New round of dialogue completed; "You don't know whether to laugh or cry"
"You don't know whether to laugh or cry", "It's not easy, but it's important that it happened", those sentences best represent the current state of dialogue.Source: Deutsche Welle
The last round of the ten-year dialogue between Belgrade and Pristina this time ended in less than two hours. The unwritten rule of Brussels diplomacy was confirmed that the longer a meeting lasts, the greater the possibility for a positive outcome.
There is no outcome of today's talks, except for the agreement that the leaders of Belgrade and Pristina will meet again before the end of July.
The EU Special Representative for the Belgrade-Pristina Dialogue, Miroslav Lajcak's duty was to present the results of today's dialogue.
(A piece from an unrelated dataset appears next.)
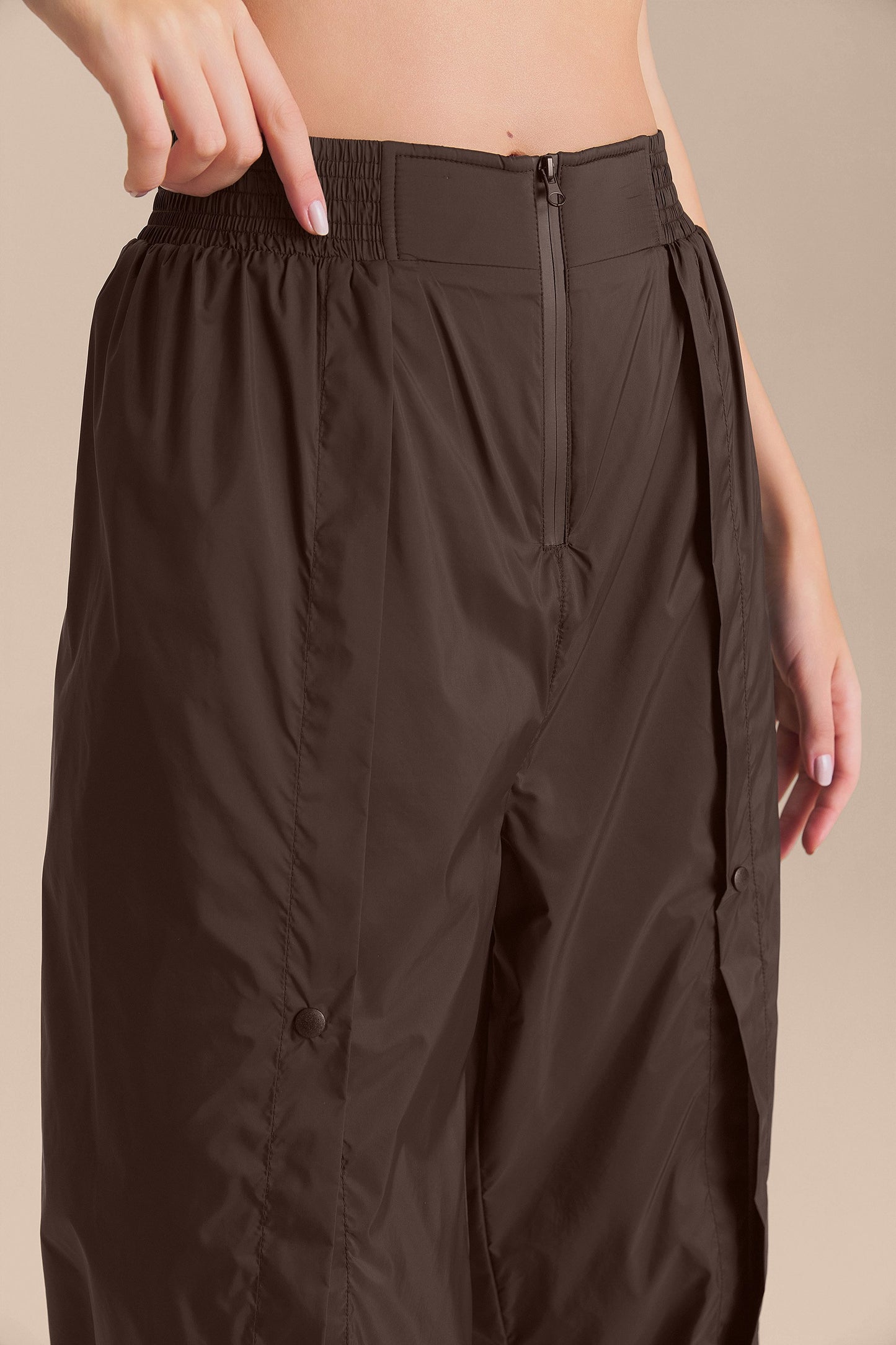 Nylon Silk Jogger Pants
As an experienced diplomat, Lajcak summed it up in one generalized sentence that may or may not mean anything.
"What is important for the EU is that both leaders confirmed that there is no other way forward than through the normalization of relations between Serbia and Kosovo," Lajcak said after the meeting.
What Miroslav Lajcak did not get into, apart from the statement that the talks were "open and direct" and that "it is good that they took place", is the assessment of the diametrically opposite positions of the two sides when it comes to the mentioned "way forward" and "normalization of relations".
Vučić: You don't know whether to laugh or cry
President of Serbia, Aleksandar Vučić, had the opportunity to first present his vision of the meeting with the Prime Minister of Kosovo, Albin Kurti, to the media.
For Vučić, this is a meeting that, as he says, he has never been to before. "You just stop and you don't know whether to laugh or cry… You are dealing with people who are neither serious nor responsible," said Vučić.
President of Serbia, who announced before the first meeting with Kurti "face to face" that these were "difficult talks" with someone "like Donald Duck", who keeps repeating the attacks on Serbia, after the talks he says that "they absolutely did not agree on anything".
"The man came not to agree on anything and to say - I came to ask you to recognize an independent Kosovo. My answer was - never. And then he exploded," Vucic said.
Vučić did not explain what exactly was meant by "detonation", but he stated that "there were no insults or curses", but somewhat "sharper reactions".
Kurti: The distance from Vučić is more than two meters
To the statement of the President of Serbia that Pristina came to Brussels not to continue the talks, but only to "provoke the interruption of the dialogue", Albin Kurti answered that the meeting was "constructive", and that he himself was "optimistic".
It will be difficult, but I am an optimist, not because I am always like that, but because we now have an honest approach to problems. The essence of our conflict is the lack of mutual recognition. "Neither Serbia recognizes Kosovo nor Kosovo recognizes Serbia," Kurti said.
Albin Kurti very precisely defined the "essence of the problem" and the so-called "elephant in the room", but he offered "Joseph Biden's position" on mutual recognition as the "only and best" solution.
On the conclusion of the media that mutual recognition is not a compromise solution acceptable to the other side, Kurti "redefined" his proposal.
"It is time for Serbia to declare independence from Kosovo," Kurti said.
For the Prime Minister of Kosovo, the conversation with the President of Serbia was not "on the verge of an incident", but he also emphasized that the distance between the two of them was "more than two meters".
A solution by the end of the year?
What is in question at the end of everything is how this "distance" will be reduced, which after 10 years of dialogue in Brussels seems bigger than ever.
Here we are not only talking about the next round of dialogue scheduled for July, but also about the whole process, for which the EU institutions, unofficially, state that "could be resolved by the end of the year", which will not be the first time the EU overestimates its policy towards Western Balkans.